Repeat the following data exactly, omitting pictures.

SUPPLIED INFORMATION:
----------------
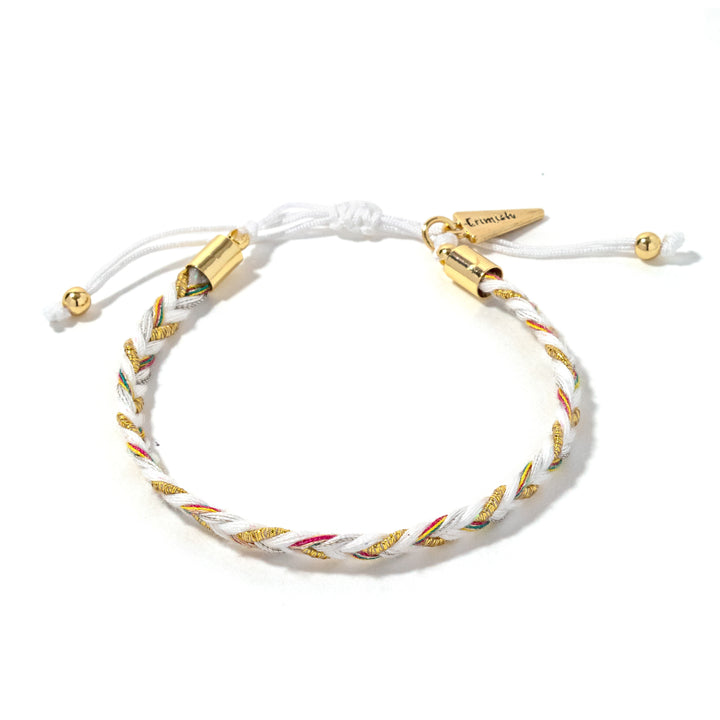 Peep Braided Bracelet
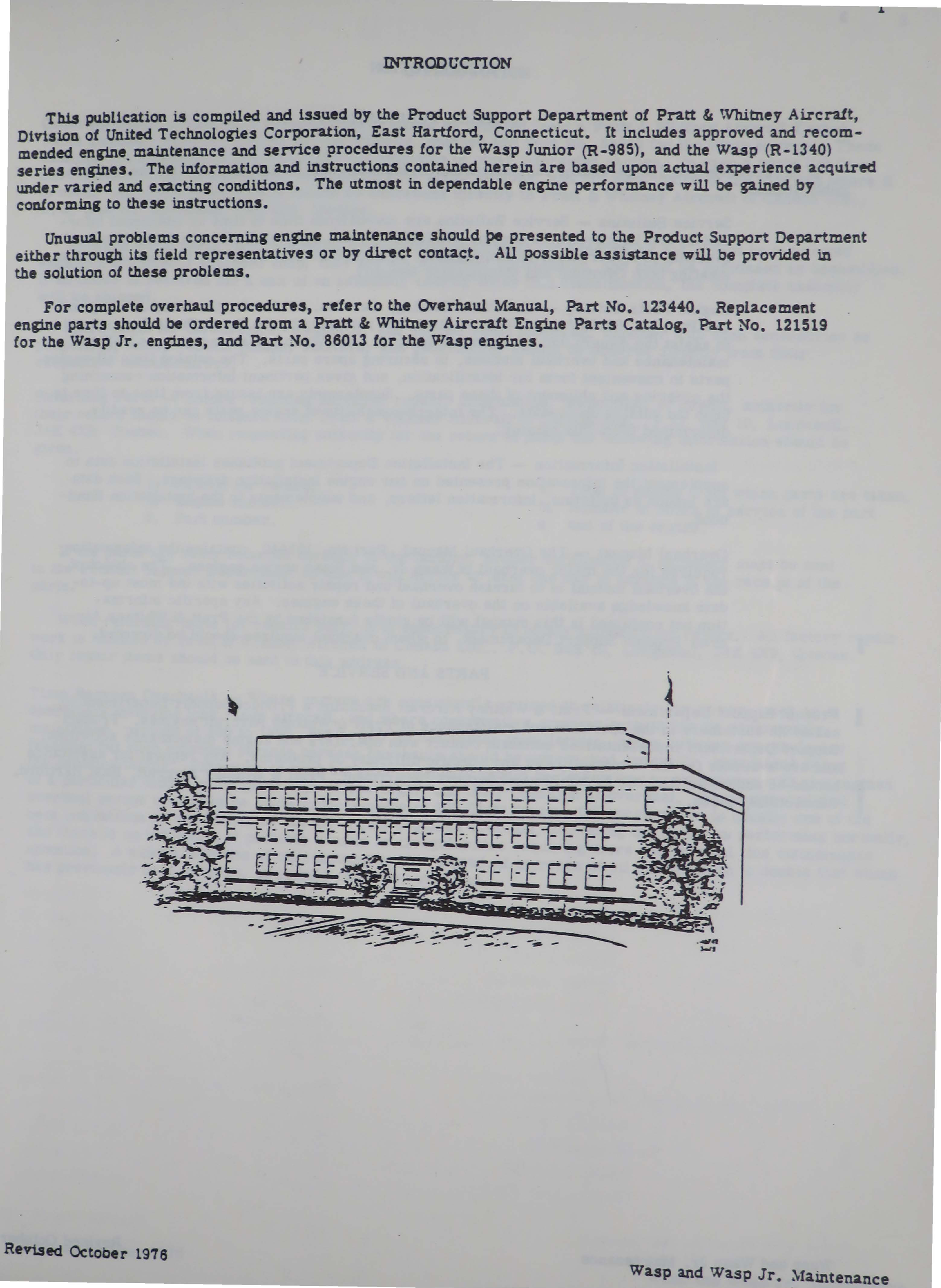 Sample page 7 from AirCorps Library document: Maintenance for WASP JR. R-985 and WASP R-1340 Engines 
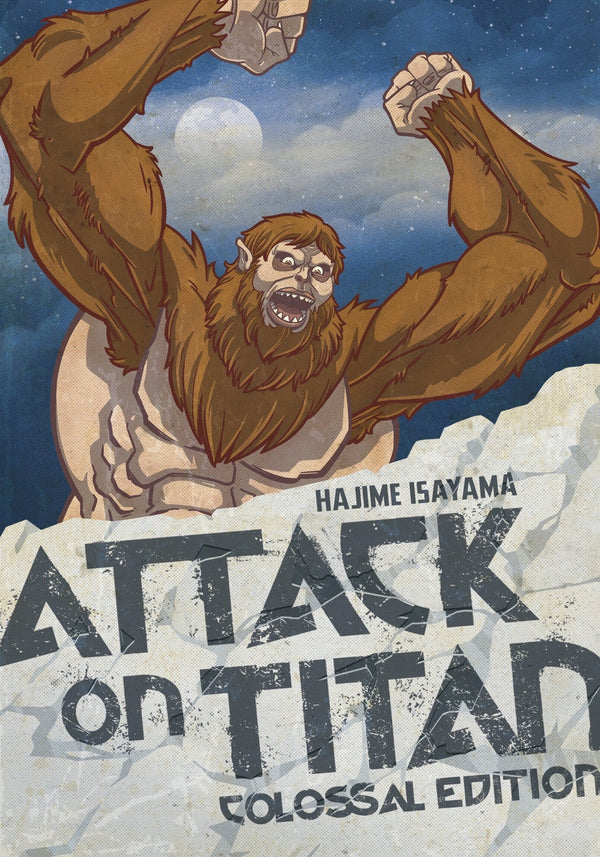 Attack on Titan: Colossal Edition 4 by Hajime Isayama - LV'S Global Media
----------------
EXERCISE RESULT:
 Peep Braided Bracelet
 Sample page 7 from AirCorps Library document: Maintenance for WASP JR. R-985 and WASP R-1340 Engines 
 Attack on Titan: Colossal Edition 4 by Hajime Isayama - LV'S Global Media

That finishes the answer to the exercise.